Before the breakup, the Russian-Belarussian union along with Potash Corp. and its North American equivalent called Canpotex Ltd. controlled 70 per cent of the global potash market.
At Inmet, Mr. Tilk “did a good job of overseeing operations and I’m not sure that operations is the key issue [at Potash]. Marketing is key,” said Raymond Goldie, an analyst with Salman Partners.
It is unclear how Mr. Tilk will steer Potash Corp. when he replaces departing chief executive Bill Doyle in July.
Mr. Doyle is a legend in the fertilizer industry, having worked for the Canadian miner for 27 years. Mr. Doyle successfully blocked a hostile bid from Anglo-Australian mining giant BHP Billiton.
He was enraged after Russia’s Uralkali killed its marketing partnership to increase sales volumes at the expense of potash prices, calling it “the single dumbest thing that I have ever seen.”
With Mr.

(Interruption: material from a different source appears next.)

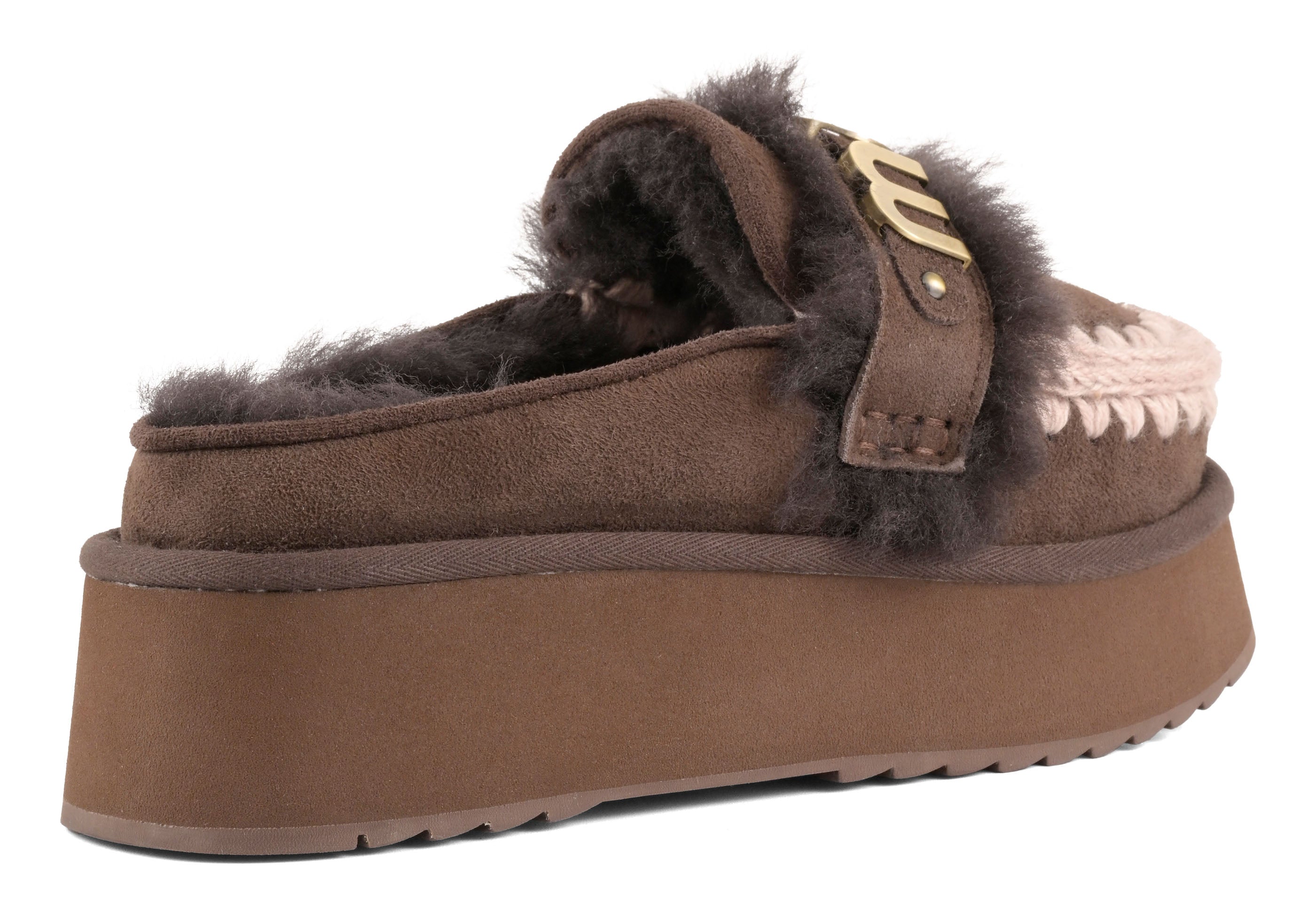 Mou Platform Clog FW681006A ciabatta mocha scamosciata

Doyle staying until mid-2015 to help with the transition, analysts expect the company to initially maintain its strategy of pricing over volume.
But at some point, Mr. Tilk will have to decide whether to follow Uralkali’s lead and boost Potash Corp.’s sales to gain market share.

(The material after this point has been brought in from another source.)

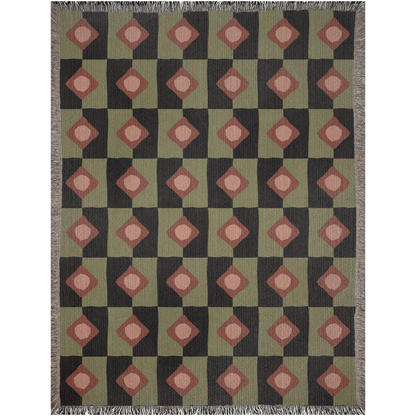 Retro Diamond Check Woven Throw Blanket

Mr. Tilk and Mr. Doyle did not respond to a request for comment.
Since the Russian-Belarus alliance ended, Potash Corp.’s quarterly profits have dropped and it has had to accept lower prices for its crop nutrients. The company’s latest quarterly profits dropped 46 per cent.
Canpotex, which includes Potash Corp., Calgary-based Agrium Inc. and U.S.-based Mosaic Co., recently agreed to a 25-per-cent price cut to supply India with potash at $322 a tonne. Earlier in the year, Canpotex took a similar cut when it negotiated a semi-annual contract with the Chinese, according to analysts.
It is not known whether Mr. Tilk will also replace Mr. Doyle as the chairman of Canpotex. Mr. Doyle will leave that position in July, according to the company.
Fertilizer is not traded on a public market. Therefore Potash Corp., Uralkali and the other producers involved in marketing arrangements had enormous influence over setting potash prices.
Even if Uralkali revives its partnership, the market is flooded with the crop nutrient, which will keep prices depressed.
“This may be a good opportunity for (Potash Corp.) to take another look at the merits of a volume-over-price strategy,” said Michael Levshin, analyst with Veritas Investment Research.
Mr. Tilk worked for Inmet for 25 years, rising through the ranks to become chief executive in 2009. Inmet owned the large Cobre Panama copper project in Central America before the company was taken over by First Quantum in a hostile bid that Mr. Tilk had unsuccessfully tried to stop.
The 50-year old Mr. Tilk left Inmet after it was acquired.
“He’s a really solid mining executive,” said Pierre Lassonde, chairman of Franco-Nevada, who worked with Mr. Tilk on a deal to buy future production from Cobre Panama.